Task instructions:
Leaving out the pictures, please retype each record exactly.
Listed entries: Begin
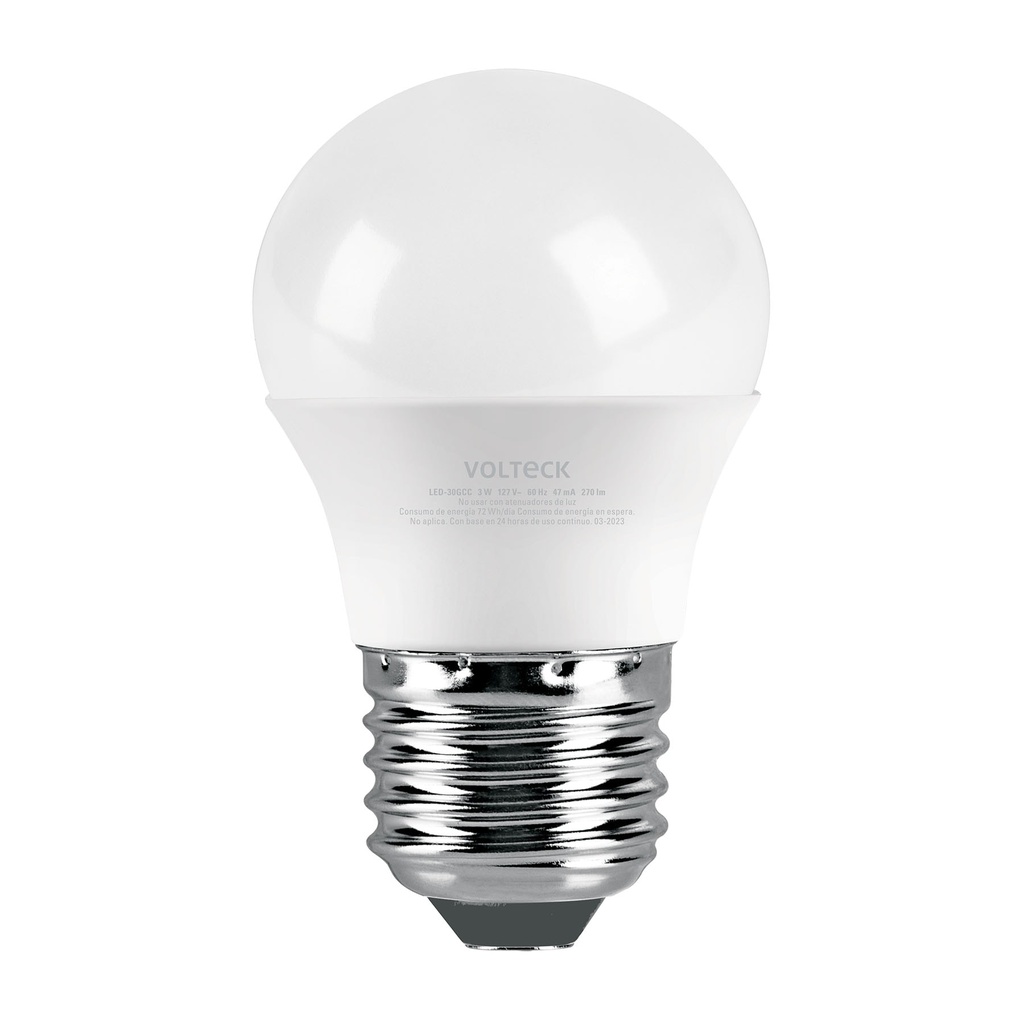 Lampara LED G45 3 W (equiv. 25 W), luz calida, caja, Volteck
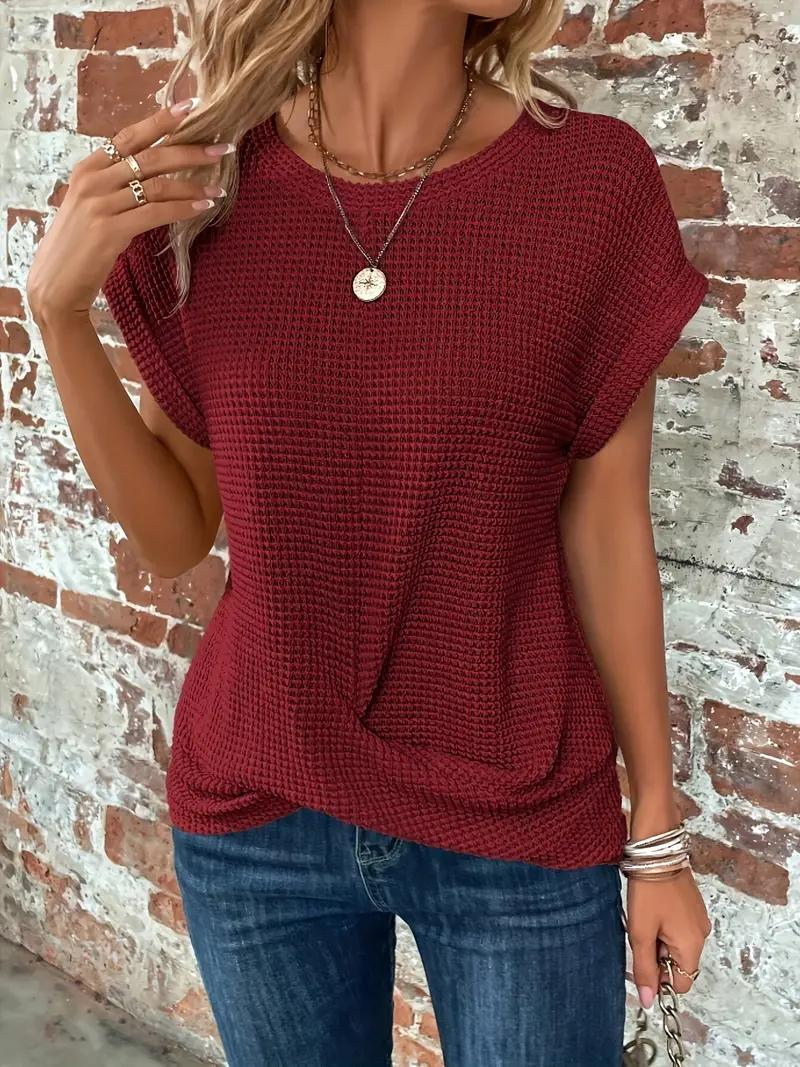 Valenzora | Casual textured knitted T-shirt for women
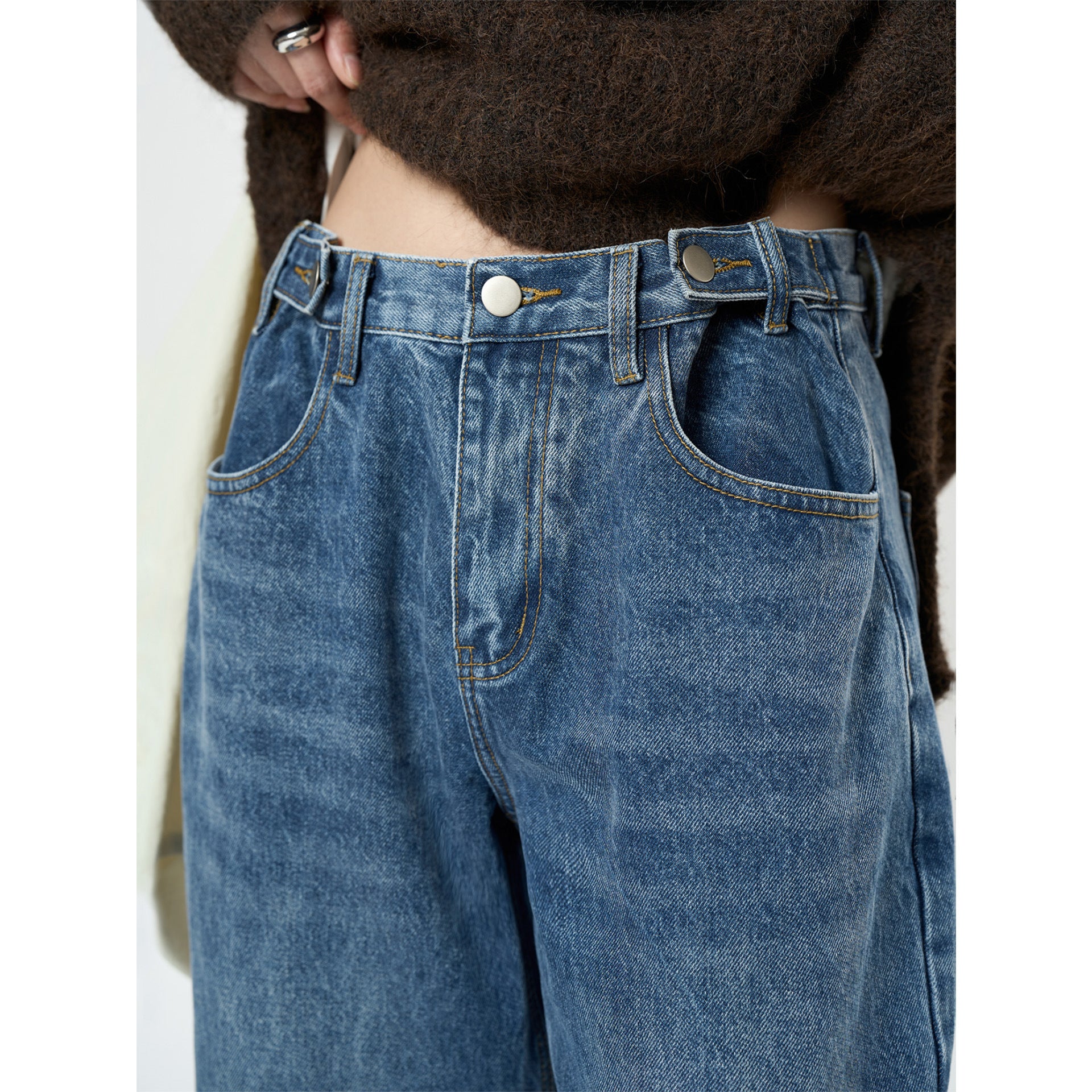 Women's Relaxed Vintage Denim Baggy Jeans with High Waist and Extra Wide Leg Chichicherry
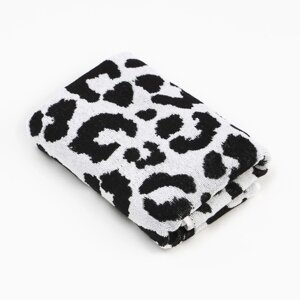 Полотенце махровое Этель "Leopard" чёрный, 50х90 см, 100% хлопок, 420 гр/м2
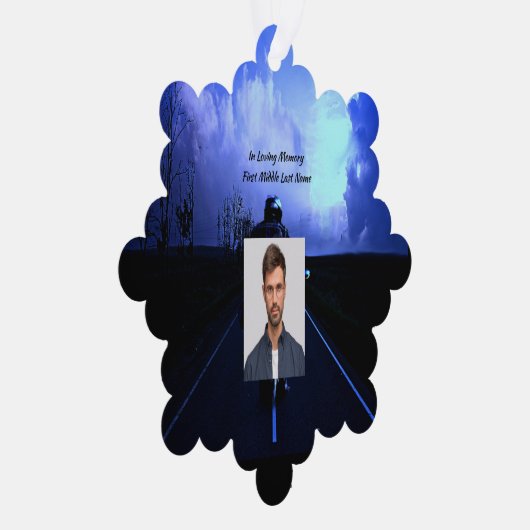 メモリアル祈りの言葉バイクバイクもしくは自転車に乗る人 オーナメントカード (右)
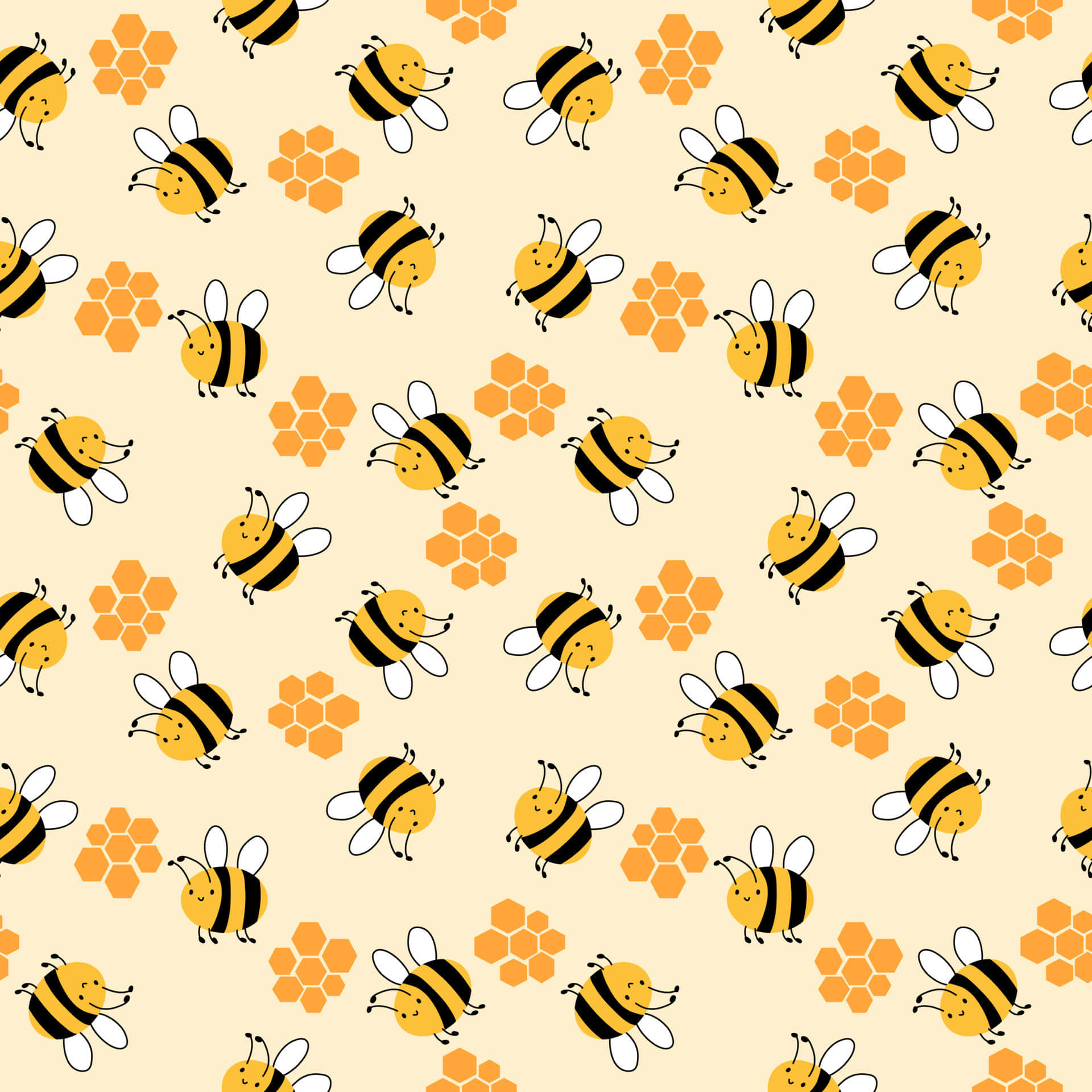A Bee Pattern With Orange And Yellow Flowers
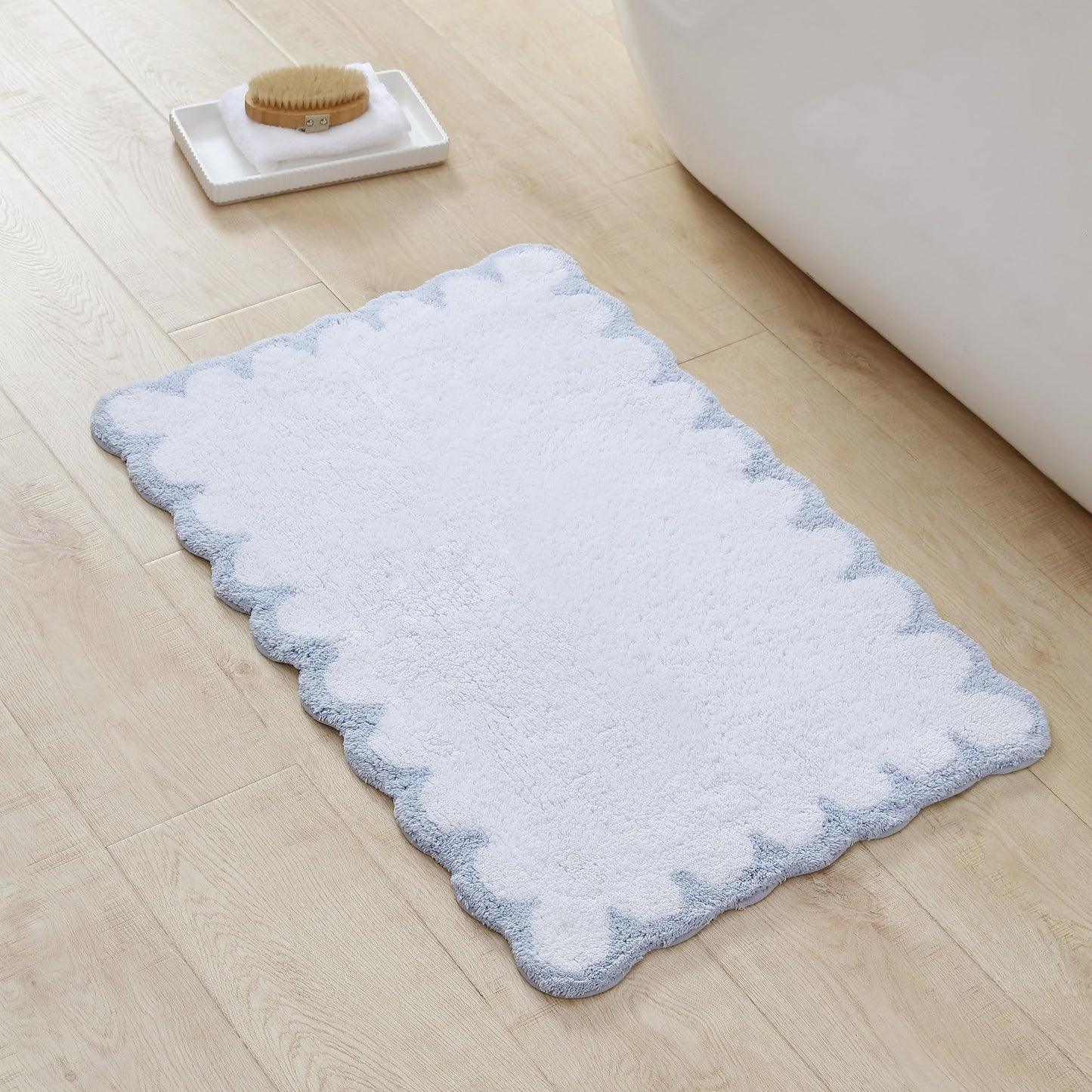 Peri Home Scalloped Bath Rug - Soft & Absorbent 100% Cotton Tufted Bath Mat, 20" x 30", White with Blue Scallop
Listed entries: End
Result of the exercise:
 Lampara LED G45 3 W (equiv. 25 W), luz calida, caja, Volteck
 Valenzora | Casual textured knitted T-shirt for women
 Women's Relaxed Vintage Denim Baggy Jeans with High Waist and Extra Wide Leg Chichicherry
 Полотенце махровое Этель "Leopard" чёрный, 50х90 см, 100% хлопок, 420 гр/м2
 メモリアル祈りの言葉バイクバイクもしくは自転車に乗る人 オーナメントカード (右)
A Bee Pattern With Orange And Yellow Flowers
 Peri Home Scalloped Bath Rug - Soft & Absorbent 100% Cotton Tufted Bath Mat, 20" x 30", White with Blue Scallop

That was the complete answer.